Ronald Morrisby

Personal information
- Full name: Ronald Orlando George Morrisby
- Born: 12 January 1915 Hobart, Tasmania
- Died: 10 June 1995 (aged 80) Hobart, Tasmania
- Batting: Right-handed
- Role: Batsman

Domestic team information
- 1931/32–1951/52: Tasmania

Career statistics
| Competition | FC |
| Matches | 52 |
| Runs scored | 2,596 |
| Batting average | 32.45 |
| 100s/50s | 3/14 |
| Top score | 145 |
| Catches/stumpings | 16/– |
- Source: Cricinfo, 25 September 2009

= Ronald Morrisby =

Ronald Orlando George Morrisby (12 January 1915 - 10 June 1995), was an Australian cricketer who played first-class cricket for Tasmania from 1931 until 1952. He can be considered one of the most outstanding Tasmanian batsman of his era, and was unlucky never to be selected to play test cricket for Australia, despite having toured India with an Australian side. Morrisby was the 29th player to captain the Tasmanian first-class team, but was never able to lead them to victory. An exciting batsman with a preference for playing off the back foot, he played for South Hobart Cricket Club in the Tasmanian Grade Cricket competition, and still holds many records in that competition, including being the all-time leading run scorer.

==Club career==
Ronald Morrisby still holds the record for the most runs in a single season in the Tasmanian Grade Cricket competition, having score 1099 runs in the 1950–51 season. His highest season average of 77.71 is also still the highest ever. Morrisby is also the all-time leading run-scorer in that competition, with his career total for South Hobart Cricket Club, a staggering 16,000 runs exactly. His highest score of 197 against Sandy Bay Cricket Club (his own team South Hobart, and Sandy Bay were later to merge) is the second highest score ever made in the Tasmanian grade competition. He also scored 180*, and passed 150 on six occasions, but never managed a double century in his entire career. Morrisby also holds the record for the highest ever first wicket partnership, when he and Jim Atkinson put on an unbeaten stand of 286 against New Town Cricket Club in the 1931–32 season. He was the highest season aggregate run-scorer in an incredible 13 separate seasons. Morrisby helped South Hobart to five premierships during his career, before finally retired from club cricket in 1960 at the age of 45.

==First-class career==
Morrisby made his first-class debut against Victoria at the Melbourne Cricket Ground, unusually on Christmas Day, 25 December 1931. It was eighteen days before his seventeenth birthday. He was disappointingly bowled for 3 by Arthur Liddicut in his first innings, but a fine 67 in the second showed that he was of first-class cricket material. Morrisby took over the Tasmanian captaincy from Sydney Putman during the 1937–38 season, and held on to the post until his retirement in 1952. Putman was in fact the fourth non-permanent holder of the post during the 1930s, and so Morrisby can be considered the first permanent captain of Tasmania since Jim Atkinson stood down in 1934.

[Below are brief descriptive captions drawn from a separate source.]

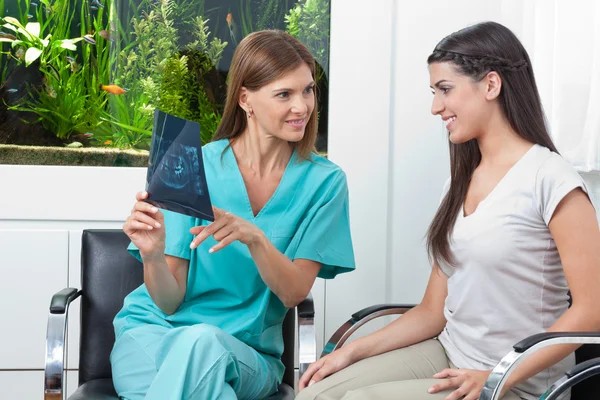 Стоматолог показує рентгенівський звіт жінці — стокове фото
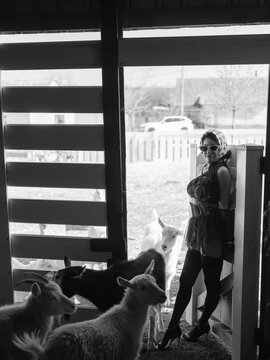 Asian woman standing barn door surrounded by goats.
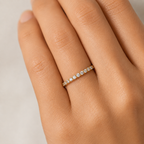 gold ring with small diamonds on a hand against a neutral background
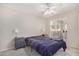 Relaxing bedroom featuring a ceiling fan, sliding glass doors, and a calming atmosphere at 1880 E Morten Ave # 125, Phoenix, AZ 85020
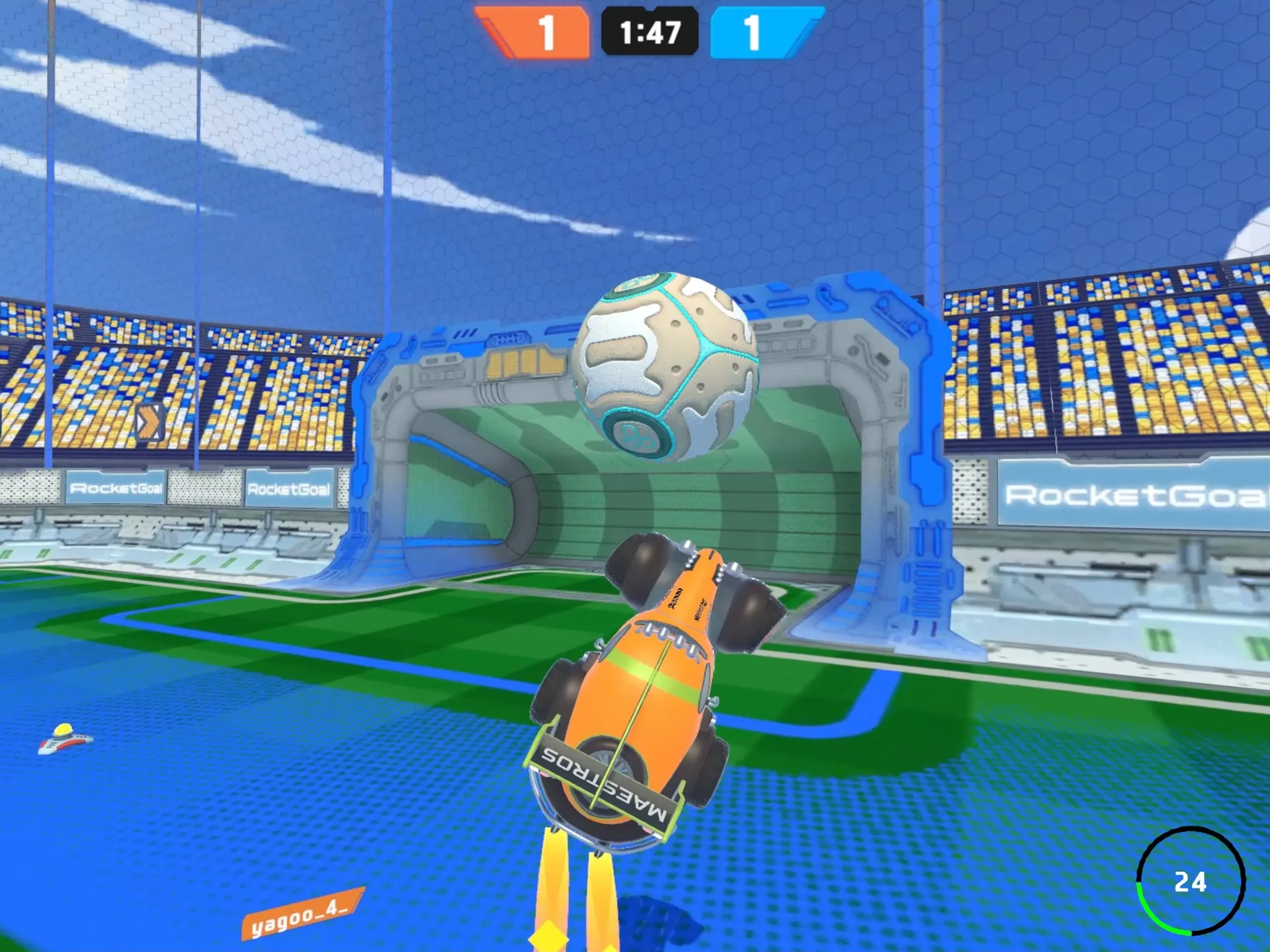 Orange car boosting toward the ball in front of a goal, score 1–1 with 1:47 left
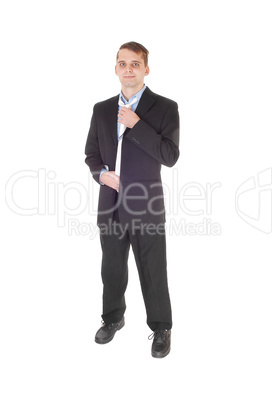 Young man standing in a suit fixing his tie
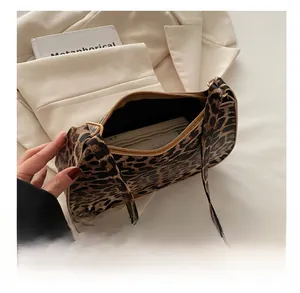 Overhead view showing the spacious interior capacity of this leopard print shoulder bag
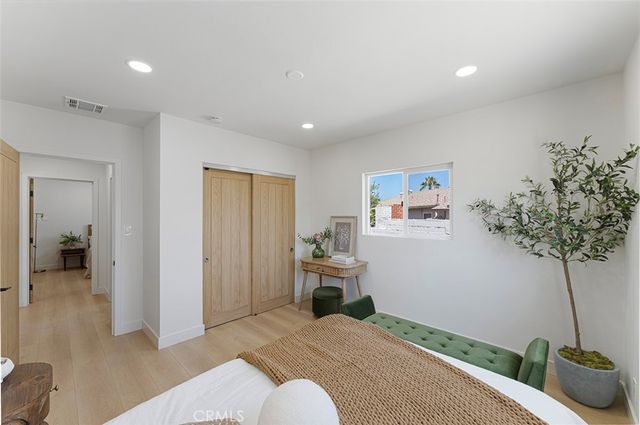 a bedroom with a bed and a couch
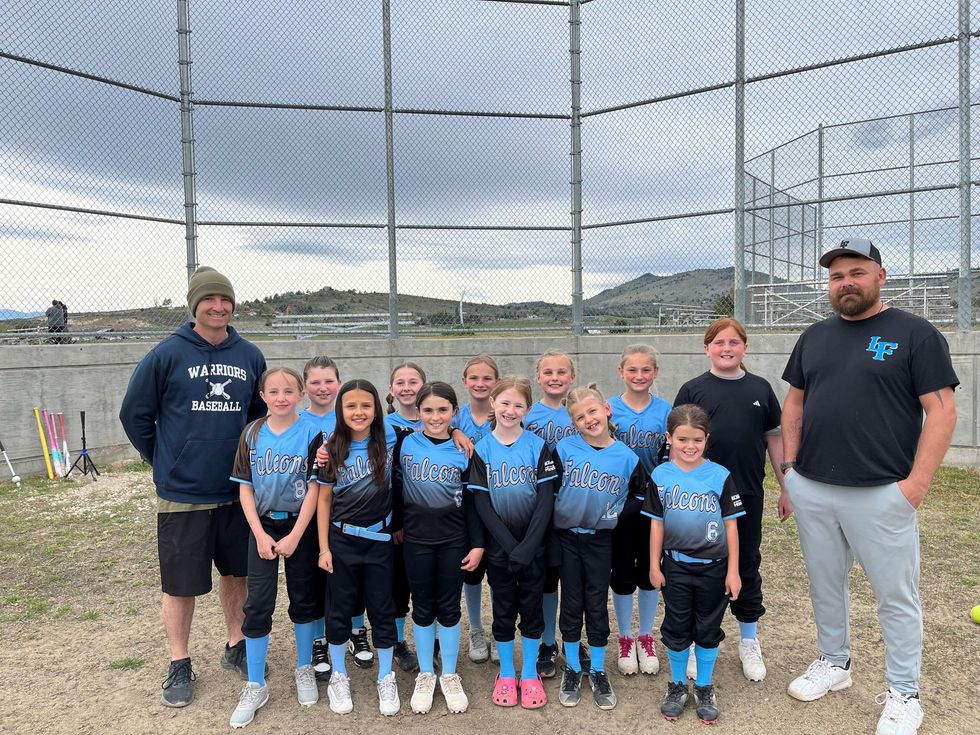 Youth baseball team and coaches posing on a dirt field in front of a chain-link backstop and lake.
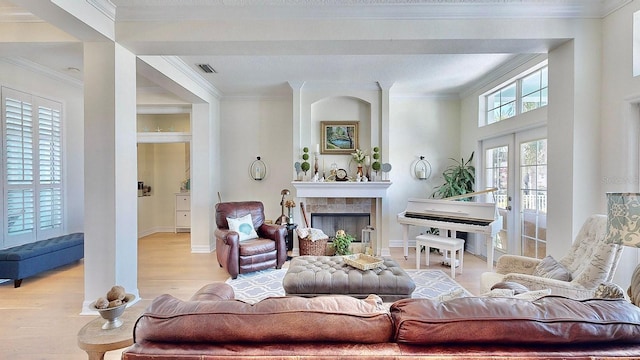 living area featuring crown molding, french doors, visible vents, and a fireplace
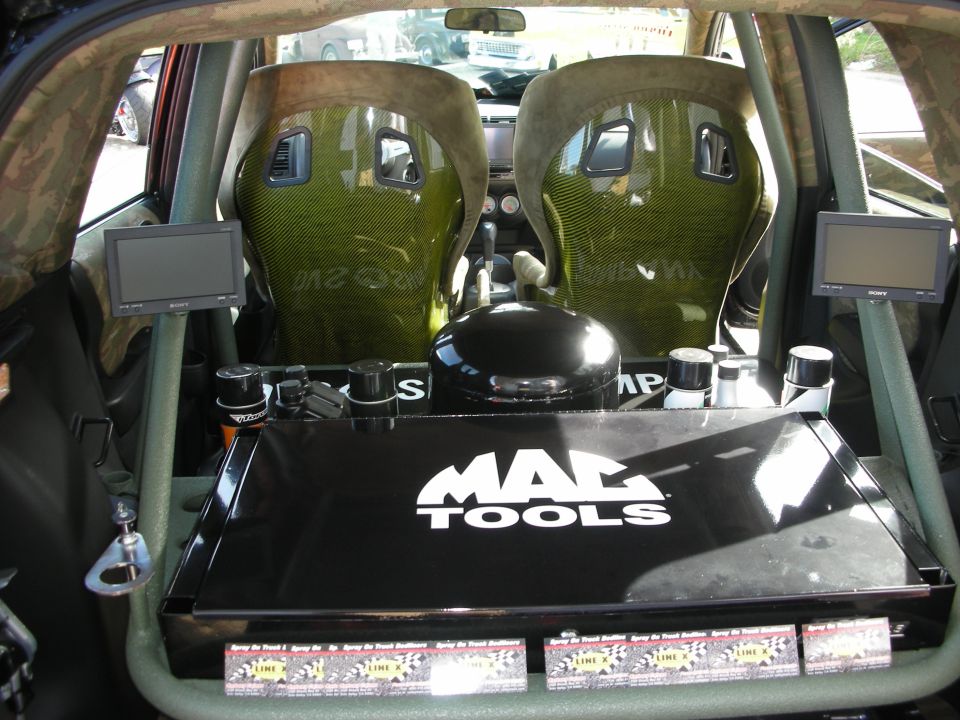 Custom hatchback rear cargo area with carbon-look seats, screens and Mac Tools tray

The Tasmanian team that played the Indians at Hobart in January 1948. Ron Morrisby, the captain, is seated third from the left.

Off the back of an excellent season in 1934–35 in the Tasmanian competition, Morrisby was somewhat surprisingly called up for the Australian team's tour on India in 1935–36, led by Frank Tarrant. He had an excellent tour, scoring 2 centuries, and 3 half-centuries, and played in all four unofficial Test matches (only first-class status) against India. His highest ever first-class score of 145 came against Patiala in Punjab. Having been set a competitive 352 to chase, Morrisby top-scored, including sharing a second-wicket partnership of 274 with New South Welshman, Wendell Bill. Including his matches for Tasmania in that year, Morrisby had the best first-class season of his career in 1935–36, scoring 811 runs at 40.55, with 2 centuries and 5 half-centuries.

As with most cricketers of his era, Morrisby's first-class career was interrupted by the outbreak of World War II. He only ever managed to score one additional century after the 1935-36 tour of India, which had proved to be the highlight of his first-class career, and that came in a match against the touring Indians in the 1947–48 season. They stopped in Tasmania to play two tour matches, and in the second at the NTCA Ground on 16 January 1948, Morrisby made 130 in a remarkable Tasmanian total of 458 all out, chasing the Indians first innings score of 7 for 457 declared. The match was rain-affected, and ended in a draw, but is notable in that it was the first-class debut of Emerson Rodwell, who was to become the next great Tasmanian batsman of the following generation. Morrisby continued playing first-class cricket until the 1951–52 season, when he retired at the age of 37. In 51 matches, Morrisby had accumulated 2596 runs at an average of 32.45 including 3 centuries, and 14 half-centuries, with a high score of 145. Ronald Morrisby also umpired in a match between Southern Tasmania Cricket Association and the North-West Tasmania Cricket Association in 1955–56.